Researchers at the Stein Institute for Research on Aging at the University of California, San Diego have received a $4 million grant from the National Institute of Mental Health (NIMH), part of the National Institutes of Health, to study accelerated biological aging in schizophrenia.
|Dilip V. Jeste, MD
“Schizophrenia is one of the most serious, challenging, and disabling mental illnesses,” said principal investigator Dilip V. Jeste, MD, Estelle and Edgar Levi Chair in Aging, Distinguished Professor of Psychiatry and Neurosciences at UC San Diego School of Medicine, and director of the Stein Institute.
Characterized by symptoms such as delusions, loss of touch with reality and social withdrawal, this chronic condition has become one of the leading causes of disability and premature mortality in the world. In the United States alone, the overall annual cost of schizophrenia is estimated to be more than $60 billion.

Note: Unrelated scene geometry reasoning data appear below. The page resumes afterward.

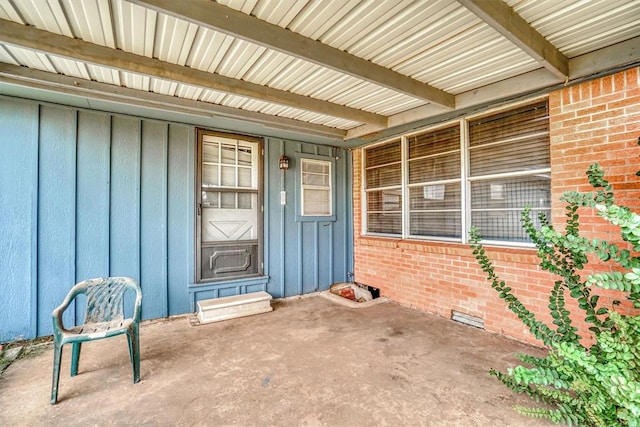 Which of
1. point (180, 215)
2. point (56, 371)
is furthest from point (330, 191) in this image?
point (56, 371)

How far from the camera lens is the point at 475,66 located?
2943mm

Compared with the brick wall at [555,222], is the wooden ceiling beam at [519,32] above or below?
above

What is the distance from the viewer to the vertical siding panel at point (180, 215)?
4160 millimetres

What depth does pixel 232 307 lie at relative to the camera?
4.15 metres

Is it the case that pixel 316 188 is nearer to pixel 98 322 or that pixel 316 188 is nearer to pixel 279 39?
pixel 279 39

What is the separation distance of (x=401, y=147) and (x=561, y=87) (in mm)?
2210

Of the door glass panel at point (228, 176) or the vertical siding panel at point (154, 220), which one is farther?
the door glass panel at point (228, 176)

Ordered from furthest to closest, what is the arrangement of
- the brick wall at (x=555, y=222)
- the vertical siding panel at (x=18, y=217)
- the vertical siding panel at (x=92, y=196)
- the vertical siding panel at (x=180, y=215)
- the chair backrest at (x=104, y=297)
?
the vertical siding panel at (x=180, y=215) < the vertical siding panel at (x=92, y=196) < the vertical siding panel at (x=18, y=217) < the chair backrest at (x=104, y=297) < the brick wall at (x=555, y=222)

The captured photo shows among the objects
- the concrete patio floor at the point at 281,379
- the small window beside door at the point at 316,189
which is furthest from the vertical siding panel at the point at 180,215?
the small window beside door at the point at 316,189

Scientists have long observed that schizophrenia is more than a brain disease, as it also affects a wide range of physical functions and entails more rapid biological aging. A number of studies have suggested that physiological changes seen throughout the body occur at an earlier age in people with schizophrenia. For example, young adults suffering from this mental condition are prone to diseases associated with growing older, such as diabetes and cardiovascular problems.

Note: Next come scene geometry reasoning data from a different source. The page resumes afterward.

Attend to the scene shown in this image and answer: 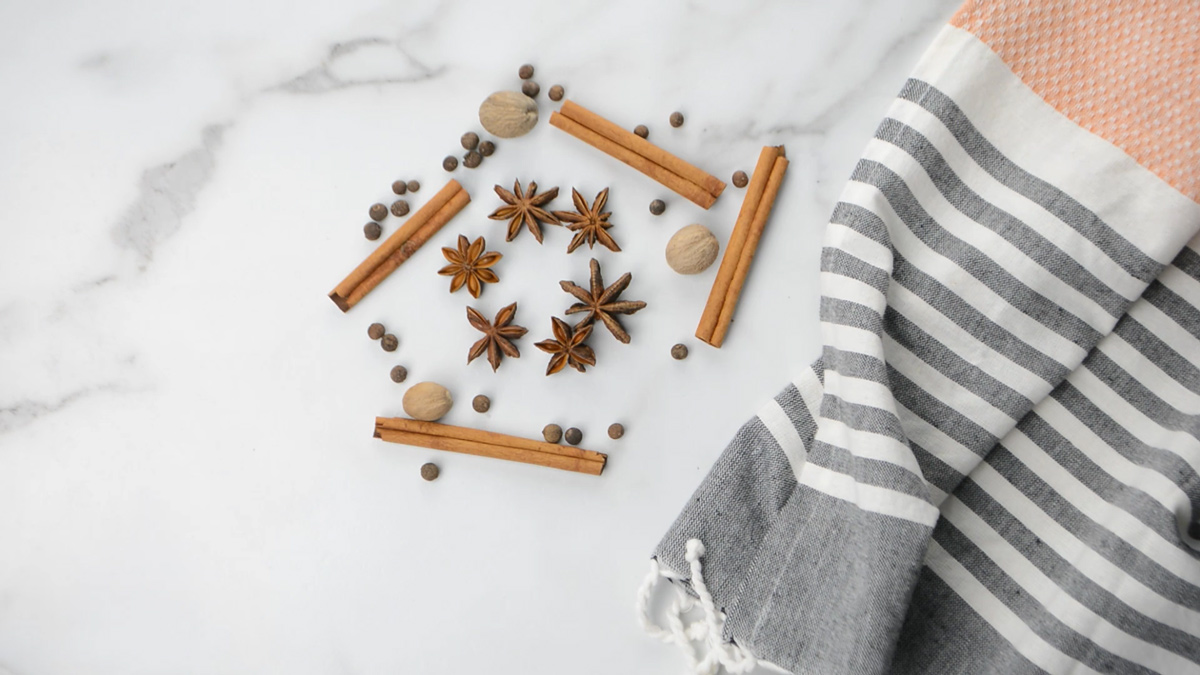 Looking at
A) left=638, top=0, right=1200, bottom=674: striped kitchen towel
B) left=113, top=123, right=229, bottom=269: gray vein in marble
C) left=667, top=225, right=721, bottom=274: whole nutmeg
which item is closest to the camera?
left=638, top=0, right=1200, bottom=674: striped kitchen towel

“Even though schizophrenia has been associated with a higher risk for suicide, two-thirds of the excess deaths in patients suffering from this mental illness are from other causes,” said Jeste. “The lifespan of patients with schizophrenia is usually 20 to 25 years shorter than those of unaffected individuals.”
The new study will directly examine biological aging in schizophrenia by using a battery of psychiatric and medical interviews, as well as several state-of-the-art laboratory techniques. Over the course of five years, the team will annually follow more than 250 subjects, aged 26 to 65 years.
Root causes of a decrease in average lifespan in people with schizophrenia have long remained a mystery. Although some studies have suggested that it could be explained by poorer access to treatment, many scientists have suspected that there may be other, more fundamental factors involved.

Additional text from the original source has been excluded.